(Scraped caption text data)

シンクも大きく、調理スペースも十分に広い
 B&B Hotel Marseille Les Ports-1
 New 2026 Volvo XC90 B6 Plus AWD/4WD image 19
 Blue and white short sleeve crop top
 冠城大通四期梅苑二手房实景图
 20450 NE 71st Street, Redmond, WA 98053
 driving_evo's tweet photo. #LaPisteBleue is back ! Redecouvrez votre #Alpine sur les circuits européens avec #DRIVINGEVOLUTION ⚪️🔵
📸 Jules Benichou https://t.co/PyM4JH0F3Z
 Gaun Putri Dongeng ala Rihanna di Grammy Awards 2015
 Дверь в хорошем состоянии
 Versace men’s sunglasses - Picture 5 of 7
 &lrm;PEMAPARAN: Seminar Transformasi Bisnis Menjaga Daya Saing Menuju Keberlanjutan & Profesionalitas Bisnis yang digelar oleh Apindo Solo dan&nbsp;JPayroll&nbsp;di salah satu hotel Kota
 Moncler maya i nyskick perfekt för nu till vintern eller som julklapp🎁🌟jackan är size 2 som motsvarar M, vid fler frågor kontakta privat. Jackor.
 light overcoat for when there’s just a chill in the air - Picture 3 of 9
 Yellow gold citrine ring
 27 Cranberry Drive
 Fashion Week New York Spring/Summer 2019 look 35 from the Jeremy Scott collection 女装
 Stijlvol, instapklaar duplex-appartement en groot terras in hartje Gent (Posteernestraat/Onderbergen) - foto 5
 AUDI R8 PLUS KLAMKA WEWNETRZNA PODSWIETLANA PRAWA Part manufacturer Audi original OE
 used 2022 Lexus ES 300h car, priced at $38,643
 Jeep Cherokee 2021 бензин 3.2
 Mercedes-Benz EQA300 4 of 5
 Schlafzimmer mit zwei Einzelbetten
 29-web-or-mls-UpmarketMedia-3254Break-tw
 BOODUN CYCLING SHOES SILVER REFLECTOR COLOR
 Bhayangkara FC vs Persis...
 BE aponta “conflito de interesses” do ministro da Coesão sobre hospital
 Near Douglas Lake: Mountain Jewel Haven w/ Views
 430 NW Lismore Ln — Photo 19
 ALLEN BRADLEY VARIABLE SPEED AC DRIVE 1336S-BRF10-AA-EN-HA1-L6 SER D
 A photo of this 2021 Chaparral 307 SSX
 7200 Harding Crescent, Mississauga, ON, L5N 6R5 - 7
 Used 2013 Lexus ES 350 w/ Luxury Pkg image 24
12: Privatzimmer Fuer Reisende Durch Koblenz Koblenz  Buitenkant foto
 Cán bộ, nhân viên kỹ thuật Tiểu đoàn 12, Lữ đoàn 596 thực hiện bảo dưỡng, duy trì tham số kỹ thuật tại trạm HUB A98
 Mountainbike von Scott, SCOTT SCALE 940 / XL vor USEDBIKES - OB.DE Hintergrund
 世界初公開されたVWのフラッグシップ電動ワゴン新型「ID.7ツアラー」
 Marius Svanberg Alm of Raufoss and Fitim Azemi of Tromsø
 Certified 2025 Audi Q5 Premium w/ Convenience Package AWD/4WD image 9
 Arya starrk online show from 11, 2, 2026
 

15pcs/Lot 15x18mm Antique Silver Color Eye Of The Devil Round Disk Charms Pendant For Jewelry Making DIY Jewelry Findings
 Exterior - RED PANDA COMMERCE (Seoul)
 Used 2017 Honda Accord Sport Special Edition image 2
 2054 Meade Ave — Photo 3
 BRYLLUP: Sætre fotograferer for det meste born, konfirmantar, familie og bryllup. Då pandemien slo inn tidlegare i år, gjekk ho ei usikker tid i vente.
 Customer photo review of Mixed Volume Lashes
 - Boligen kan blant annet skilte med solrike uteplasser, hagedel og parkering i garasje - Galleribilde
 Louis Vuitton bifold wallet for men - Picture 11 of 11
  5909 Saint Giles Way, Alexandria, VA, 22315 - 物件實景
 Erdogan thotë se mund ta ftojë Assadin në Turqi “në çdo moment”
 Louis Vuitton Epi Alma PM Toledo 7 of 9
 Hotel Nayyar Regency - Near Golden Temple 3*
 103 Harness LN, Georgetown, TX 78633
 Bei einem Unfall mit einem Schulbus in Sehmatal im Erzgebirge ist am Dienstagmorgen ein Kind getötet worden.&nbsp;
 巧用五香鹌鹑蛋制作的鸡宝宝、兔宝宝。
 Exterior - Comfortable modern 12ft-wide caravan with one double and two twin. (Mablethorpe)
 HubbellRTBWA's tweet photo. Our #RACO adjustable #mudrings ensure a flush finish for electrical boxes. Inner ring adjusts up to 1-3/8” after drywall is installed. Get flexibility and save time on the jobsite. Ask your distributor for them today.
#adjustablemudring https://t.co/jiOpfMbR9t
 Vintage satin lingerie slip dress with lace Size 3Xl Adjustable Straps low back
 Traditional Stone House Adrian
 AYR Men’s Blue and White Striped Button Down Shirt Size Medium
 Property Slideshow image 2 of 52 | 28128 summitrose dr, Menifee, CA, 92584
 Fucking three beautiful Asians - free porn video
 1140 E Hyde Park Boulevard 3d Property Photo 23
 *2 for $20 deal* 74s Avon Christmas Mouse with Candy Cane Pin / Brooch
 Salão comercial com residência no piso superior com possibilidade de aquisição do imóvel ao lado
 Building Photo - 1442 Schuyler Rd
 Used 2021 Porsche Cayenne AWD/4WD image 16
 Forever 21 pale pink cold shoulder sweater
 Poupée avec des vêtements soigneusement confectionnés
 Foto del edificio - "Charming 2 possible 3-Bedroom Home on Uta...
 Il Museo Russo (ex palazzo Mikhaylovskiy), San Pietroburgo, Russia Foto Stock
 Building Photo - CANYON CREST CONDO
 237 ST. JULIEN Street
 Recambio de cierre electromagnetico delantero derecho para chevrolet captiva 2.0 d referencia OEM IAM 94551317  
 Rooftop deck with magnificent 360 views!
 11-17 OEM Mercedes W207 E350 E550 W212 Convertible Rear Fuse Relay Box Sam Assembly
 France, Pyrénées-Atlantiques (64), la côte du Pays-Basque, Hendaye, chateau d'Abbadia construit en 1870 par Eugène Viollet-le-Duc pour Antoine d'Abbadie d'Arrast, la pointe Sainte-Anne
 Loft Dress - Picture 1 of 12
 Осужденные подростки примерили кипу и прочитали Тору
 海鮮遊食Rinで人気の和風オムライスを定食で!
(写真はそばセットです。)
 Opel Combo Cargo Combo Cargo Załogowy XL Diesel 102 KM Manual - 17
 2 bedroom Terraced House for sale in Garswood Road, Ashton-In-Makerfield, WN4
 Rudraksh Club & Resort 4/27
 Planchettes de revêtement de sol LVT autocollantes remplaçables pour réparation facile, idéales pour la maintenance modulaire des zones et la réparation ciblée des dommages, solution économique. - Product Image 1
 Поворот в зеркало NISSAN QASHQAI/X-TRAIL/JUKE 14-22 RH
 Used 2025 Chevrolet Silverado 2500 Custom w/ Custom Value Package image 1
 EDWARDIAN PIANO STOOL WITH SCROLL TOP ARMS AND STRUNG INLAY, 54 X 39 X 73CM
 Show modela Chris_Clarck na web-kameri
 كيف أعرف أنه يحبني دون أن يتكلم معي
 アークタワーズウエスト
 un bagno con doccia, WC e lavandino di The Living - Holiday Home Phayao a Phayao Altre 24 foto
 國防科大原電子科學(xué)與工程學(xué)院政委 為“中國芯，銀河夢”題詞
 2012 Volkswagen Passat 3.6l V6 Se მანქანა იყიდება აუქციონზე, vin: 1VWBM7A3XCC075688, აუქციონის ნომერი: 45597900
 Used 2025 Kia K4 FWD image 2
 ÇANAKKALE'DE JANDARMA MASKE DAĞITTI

**TO DO:** From the data above, show each line that contains "Mercedes".

**RESPONSE BOX:**
 Mercedes-Benz EQA300 4 of 5
 11-17 OEM Mercedes W207 E350 E550 W212 Convertible Rear Fuse Relay Box Sam Assembly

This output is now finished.